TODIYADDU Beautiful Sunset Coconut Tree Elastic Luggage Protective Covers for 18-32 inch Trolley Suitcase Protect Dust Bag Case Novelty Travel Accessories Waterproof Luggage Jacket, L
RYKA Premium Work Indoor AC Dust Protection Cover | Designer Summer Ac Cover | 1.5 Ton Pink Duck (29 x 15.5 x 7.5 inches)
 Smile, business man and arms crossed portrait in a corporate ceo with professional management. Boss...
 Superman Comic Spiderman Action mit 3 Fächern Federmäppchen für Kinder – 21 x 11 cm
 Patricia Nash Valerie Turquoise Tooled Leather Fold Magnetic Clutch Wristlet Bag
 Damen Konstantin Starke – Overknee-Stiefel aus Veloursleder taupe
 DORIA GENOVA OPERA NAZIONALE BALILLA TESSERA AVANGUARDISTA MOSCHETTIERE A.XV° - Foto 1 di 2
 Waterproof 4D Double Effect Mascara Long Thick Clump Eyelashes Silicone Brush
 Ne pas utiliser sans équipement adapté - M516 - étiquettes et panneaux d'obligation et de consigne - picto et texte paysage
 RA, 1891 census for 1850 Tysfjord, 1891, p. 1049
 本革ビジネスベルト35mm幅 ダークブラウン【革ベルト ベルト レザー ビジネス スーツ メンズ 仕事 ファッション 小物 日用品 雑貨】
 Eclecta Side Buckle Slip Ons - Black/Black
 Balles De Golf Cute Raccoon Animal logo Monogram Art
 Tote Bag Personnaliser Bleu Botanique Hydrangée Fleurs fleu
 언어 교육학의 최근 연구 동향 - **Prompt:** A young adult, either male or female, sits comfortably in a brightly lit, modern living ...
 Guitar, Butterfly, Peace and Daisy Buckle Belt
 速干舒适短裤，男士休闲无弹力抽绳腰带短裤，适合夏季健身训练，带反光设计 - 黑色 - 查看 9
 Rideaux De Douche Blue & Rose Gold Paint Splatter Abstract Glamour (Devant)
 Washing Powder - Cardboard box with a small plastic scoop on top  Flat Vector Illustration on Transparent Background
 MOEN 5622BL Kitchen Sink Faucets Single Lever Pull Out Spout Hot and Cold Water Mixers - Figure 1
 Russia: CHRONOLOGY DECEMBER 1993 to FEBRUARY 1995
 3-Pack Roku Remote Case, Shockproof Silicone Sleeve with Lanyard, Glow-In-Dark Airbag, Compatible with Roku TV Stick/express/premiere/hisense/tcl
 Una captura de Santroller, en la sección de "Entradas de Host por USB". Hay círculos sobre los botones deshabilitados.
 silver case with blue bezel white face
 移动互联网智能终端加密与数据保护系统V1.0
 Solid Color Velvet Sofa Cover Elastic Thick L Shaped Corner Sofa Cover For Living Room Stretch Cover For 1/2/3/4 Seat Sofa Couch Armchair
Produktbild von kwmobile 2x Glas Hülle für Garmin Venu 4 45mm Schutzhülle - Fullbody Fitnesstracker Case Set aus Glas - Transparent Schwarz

__________

### Task to carry out
Send back exactly, with nothing added, the lines from the first line of the material above through the line holding "Smile, business man"; both ends are included.

### Expected answer
TODIYADDU Beautiful Sunset Coconut Tree Elastic Luggage Protective Covers for 18-32 inch Trolley Suitcase Protect Dust Bag Case Novelty Travel Accessories Waterproof Luggage Jacket, L
RYKA Premium Work Indoor AC Dust Protection Cover | Designer Summer Ac Cover | 1.5 Ton Pink Duck (29 x 15.5 x 7.5 inches)
 Smile, business man and arms crossed portrait in a corporate ceo with professional management. Boss...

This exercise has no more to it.